Let’s start with a couple of empty pedestals or plinths – the one above is in the shadow of the Barbican Center in London, which is to say it’s also very close to the old city wall.  I’m intrigued by the dense black coating up at the top of the molding.  Is that industrial pollution?  Did the whole thing used to be that color?  It doesn’t look like anybody cleaned it – they’d surely have done a better job - so has the grime just fallen away?  These are not entirely rhetorical questions.  And presumably it once had a statue on top of it, I wonder of who or what.


The one above, less ornate, chunkier, cleaner, is to be found just outside the Inner Ring in Vienna, a city where the most incredible bits of statuary are everywhere, but this pedestal would be completely overwhelmed by any of the “typical” Viennese statues you see.  And looking at that rather smooth top, I tend to think it maybe never had anything on it at all, and it’s probably just waiting for some artist to use it and give it life.


An artist like Eduardo Paolozzi perhaps, dead now, so not him specifically, though he’d definitely have done a good job. But I was thinking of him because not so long ago I went to an exhibition of his work at the Whitechapel Gallery in London and I looked out of one of the windows adjacent to the staircase and saw this:


I guess if you saw it elsewhere you might think of it as just another bricked up window, but the combination of Paolozzi, the Thomason mindset, and the presence of art at the Whitechapel makes you, or at any rate me, see things a bit differently.

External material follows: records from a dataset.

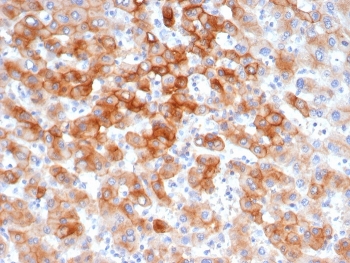 IHC staining of FFPE human colon tissue with recombinant Keratin 8 antibody (clone KRT8/6472R). HIER: boil tissue sections in pH 9 10mM Tris with 1mM EDTA for 20 min and allow to cool before testing.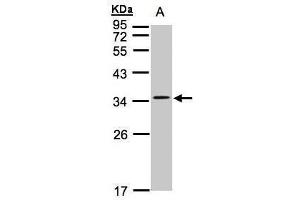 WB Image Sample(30 ug whole cell lysate) A:Hep G2 , 12% SDS PAGE antibody diluted at 1:1000 (CACNG5 antibody  (Center))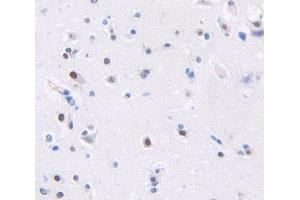 Used in DAB staining on fromalin fixed paraffin- embedded Kidney tissue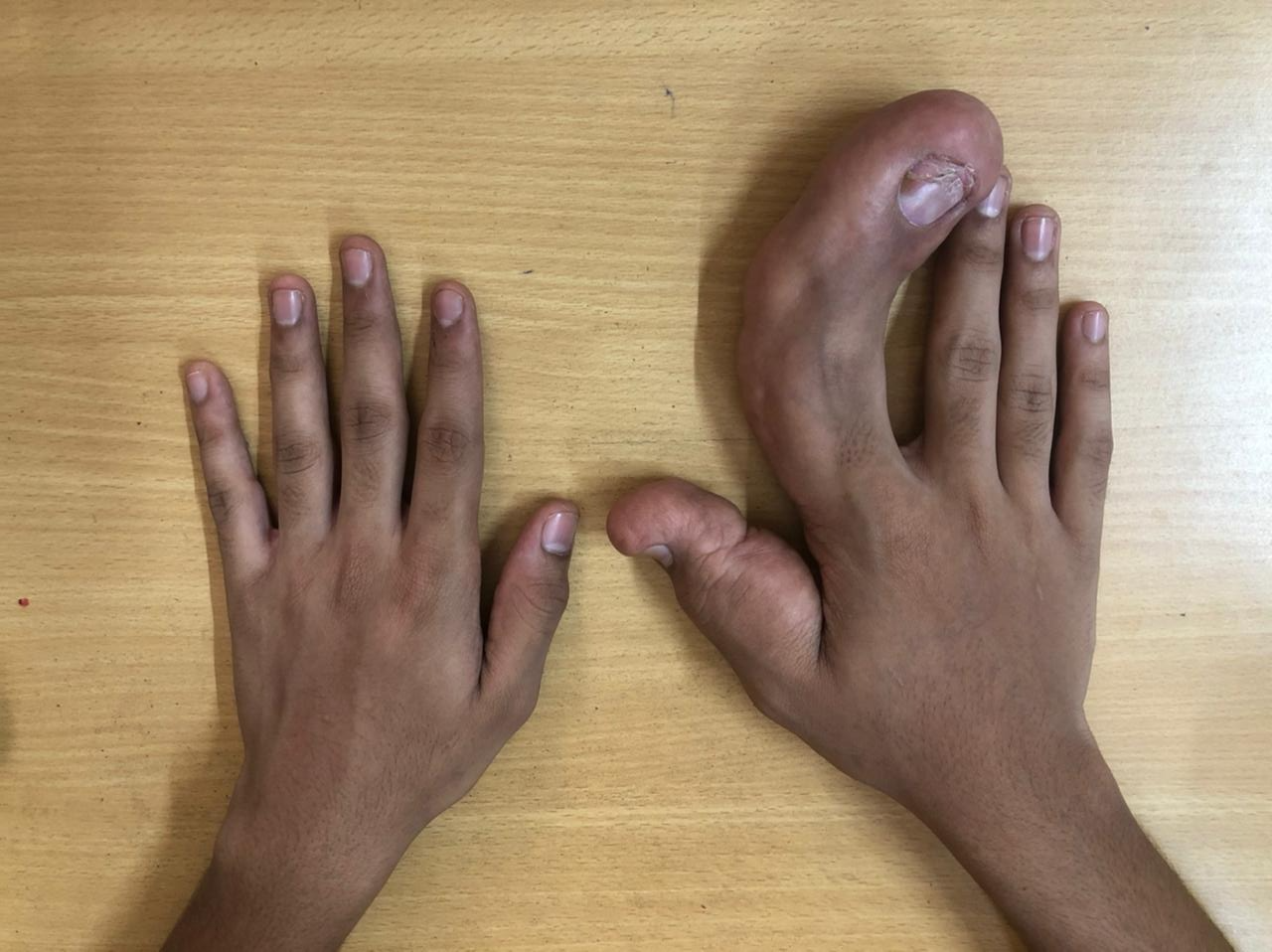 Congenital Anomalies Reconstruction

Meanwhile in my own neighborhood in Hollywood I saw this:


Kind of looks like a niche, the kind of thing you might put a statue of the Virgin Mary in.  (As Dorothy Parker may or may not have said: “Upon my honor/ I saw a Madonna/
/Standing in a niche …” The rest is just abuse and you can look it up for yourself if you need to).  But a closer inspection of the niche reveals some electrical wires up at the top, and a broader view shows a shiny new electricity meter off to the left, so I’m guessing the niche was formerly the home of an old meter.

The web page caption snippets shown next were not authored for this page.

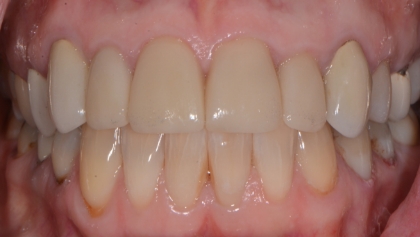 After image of Porcelain Crowns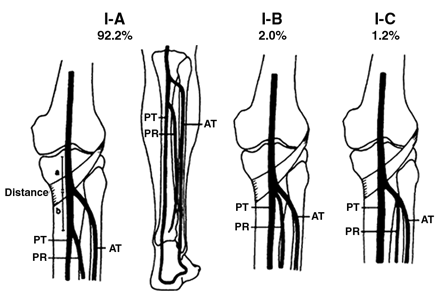 Anatomy of the Trifurcation
AT = Anterior Tibial Artery
PT = Posterior Tibial Artery
PR = Fibular or Peroneal Artery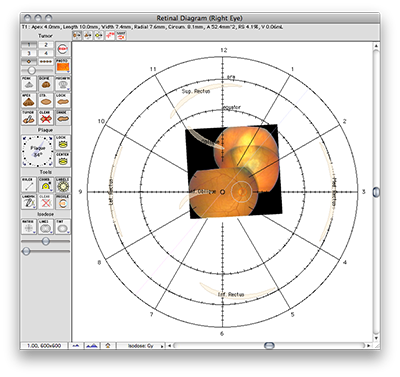 DiagramWithPhotoAndBackground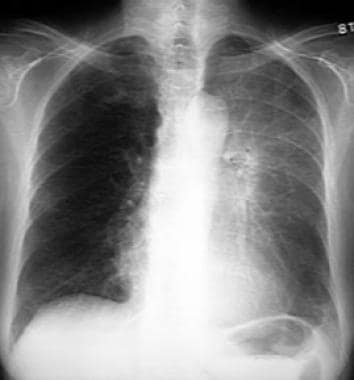 Atelectasis. Left upper lobe collapse. The top of 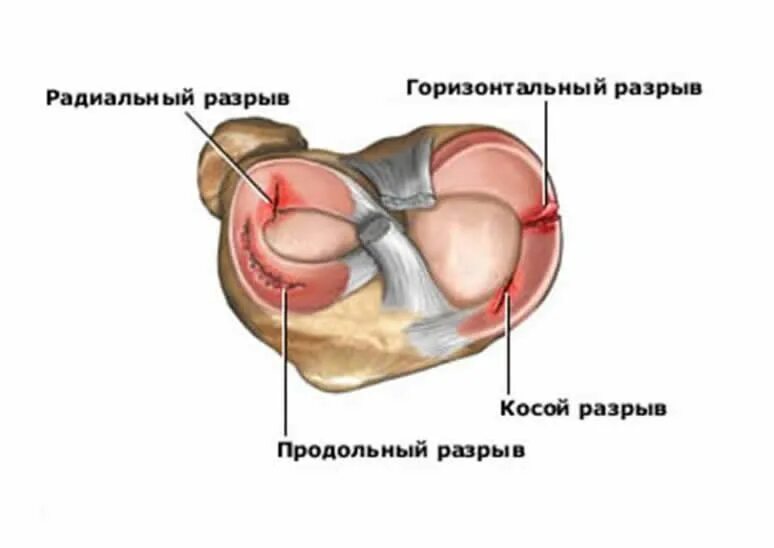 Разрыв заднего рога коленного сустава. Разрыв заднего рога медиального мениска мениска. Повреждение заднего рога мениска 3 степени. Типы мениски коленного сустава. Передний рог коленного сустава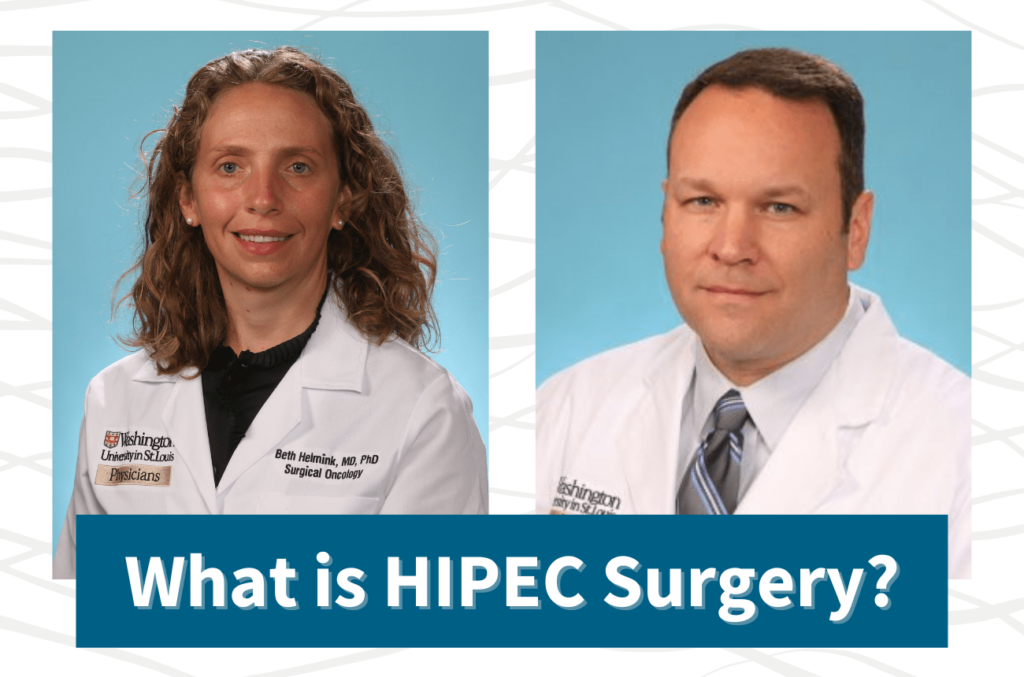 What is HIPEC Surgery?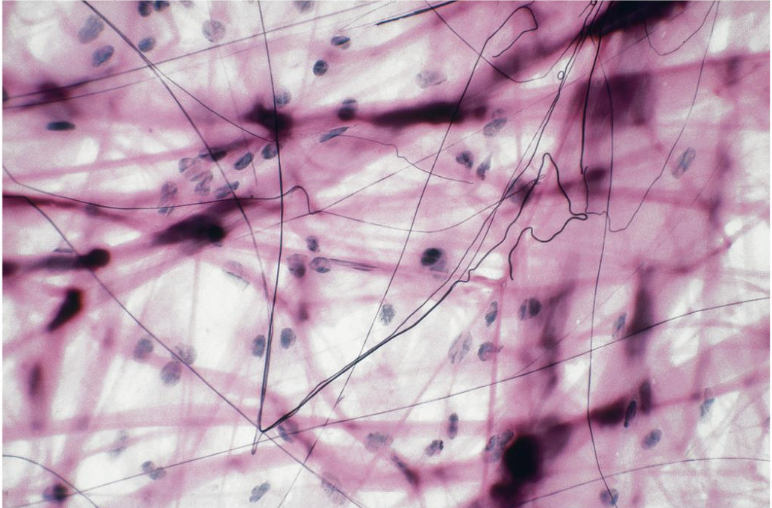 <p>what tissue is this</p>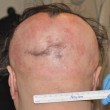 Alopecia, capelli ricrescono 50%: farmaco per artrite è miracoloso2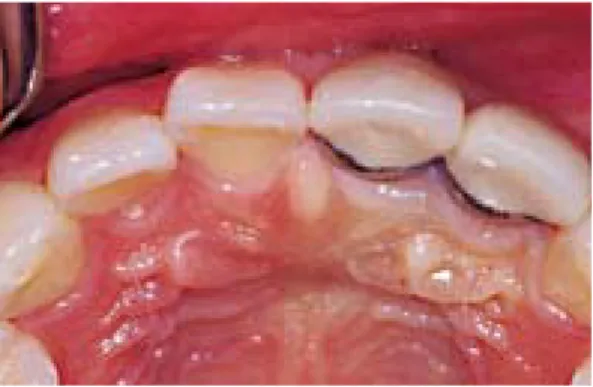 그림 5.  Gingivitis, gingival discoloration, cervical black line, tooth  splinting,  line  angle,  labial  contour,  tooth size,  opacity등 여러 가지 문제점들을 관찰 할 수가 있다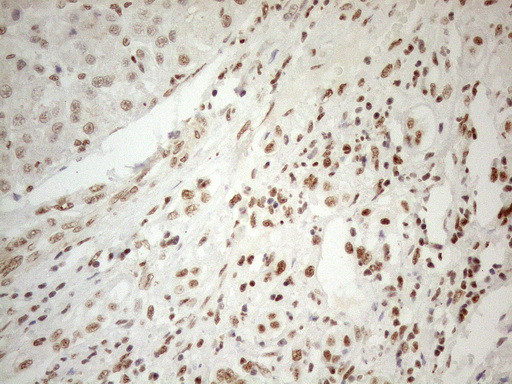 WTAP Antibody in Immunohistochemistry (Paraffin) (IHC (P))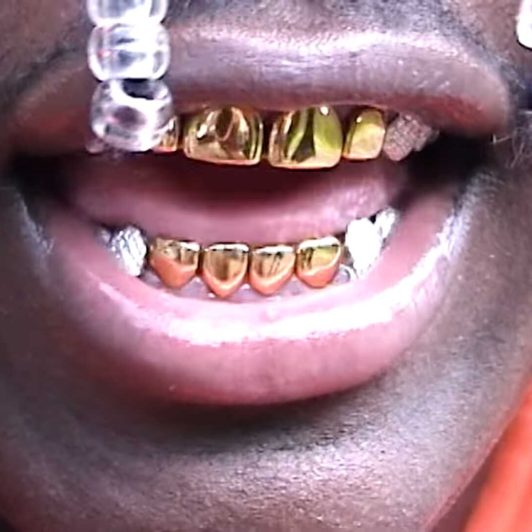 Lil Yachty & Future - Pardon Me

But I do think I'd put some kind of statuary in there if it were mine.

And finally in my own own street, this thing;


Eyes without a face I suppose, although there is kind of a face, or am I just indulging in pareidolia?  In any case I can’t imagine what this was ever part of but I’m very glad it’s still there.


Sunday, June 4, 2017

BUSTER

Not for the first time, not for the last.  Mr Keaton showing how it's done.




Friday, June 2, 2017

THE TAO OF MEANDERING



Those of us who walk, and like to consider the meaning of walking, tend to believe that a walk is something special.  We like to think a walk can be a source of inspiration, a form of meditation, a sacrament, a journey of discovery both of the world and the self.  And of course it can be, and often is, all those things.


But sometimes it’s not.  Sometimes it’s just a walk. 

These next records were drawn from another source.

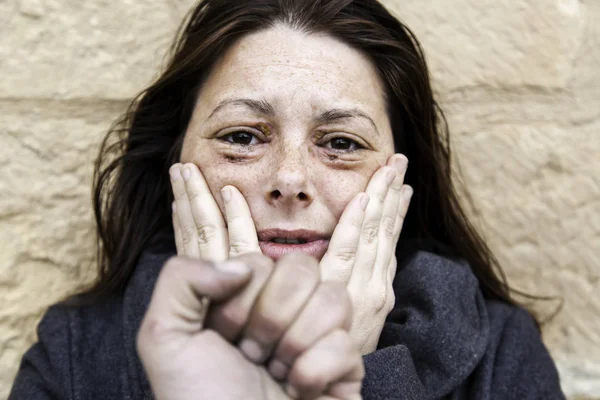 Woman with bruised eyes — Stock Photo, Image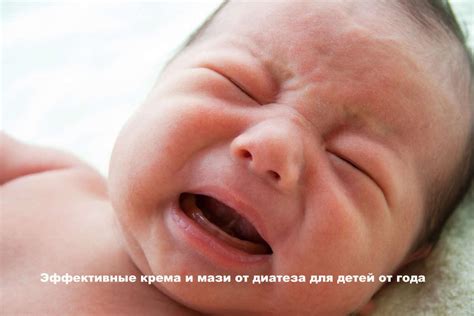Мази от диатеза для детей: до и после года, какие выбрать?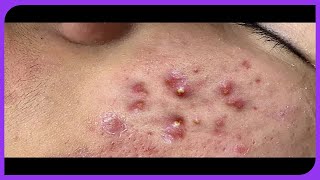 Blackhead Removal and Acne Treatment Satisfying Extraction 2024 [upl. by Fiertz]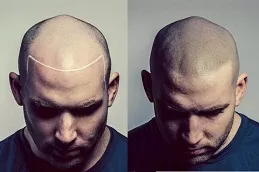 Scalp Micro Pigmentation in Abu Dhabi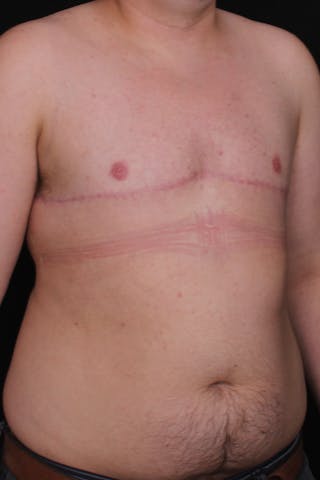 FTM Top Surgery Before & After Gallery - Patient 348384 - Image 4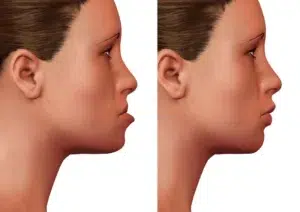 چه افرادی به جراحی فک نیاز دارند
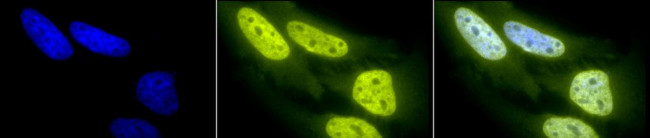 Acetylated Lysine Antibody in Immunocytochemistry (ICC/IF)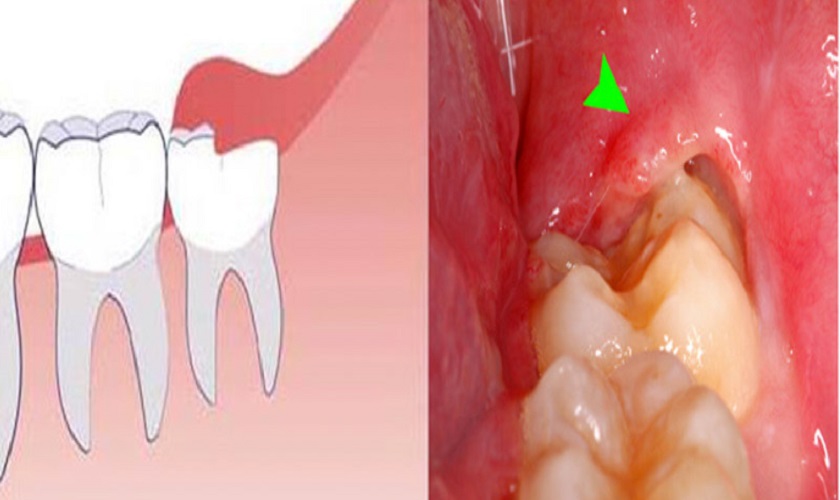 Nhổ răng khôn khi nào: Thời điểm và lưu ý quan trọng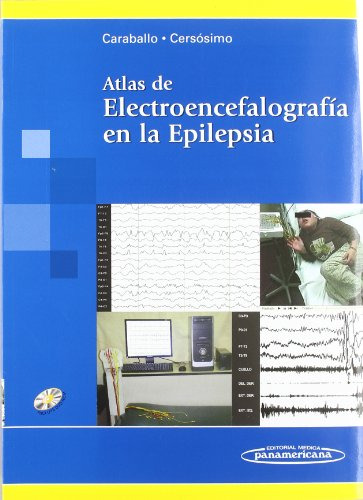 Libro Atlas De Electroencefalografia En La Epilepsia (incluy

And of course it ought to be possible to walk without thinking, without writing about it after the event, without blogging about it, without taking photographs en route and downloading them when you get home. But you know, we’re all creatures of habit, and sometimes “just walking” is much harder than it sounds, perhaps much harder than it ought to be.


Sure, you don’t want to get into a rut, but when walking has becomes a means of looking, observing, recording, and also I suppose, metaphorically, a form of hunting and gathering, it becomes hard “just” to go for a walk.  Maybe that’s OK after all, and even if it’s not I’m not sure we can do much about it.  We are how we walk: we walk how we are.


Here are some things I saw and snapped on some recent walks within the borders of Hollywood.  They don’t add up to a source of inspiration, or a form of meditation, a sacrament, or a journey of discovery both of the world and the self.  But we’re just going to have to live with that.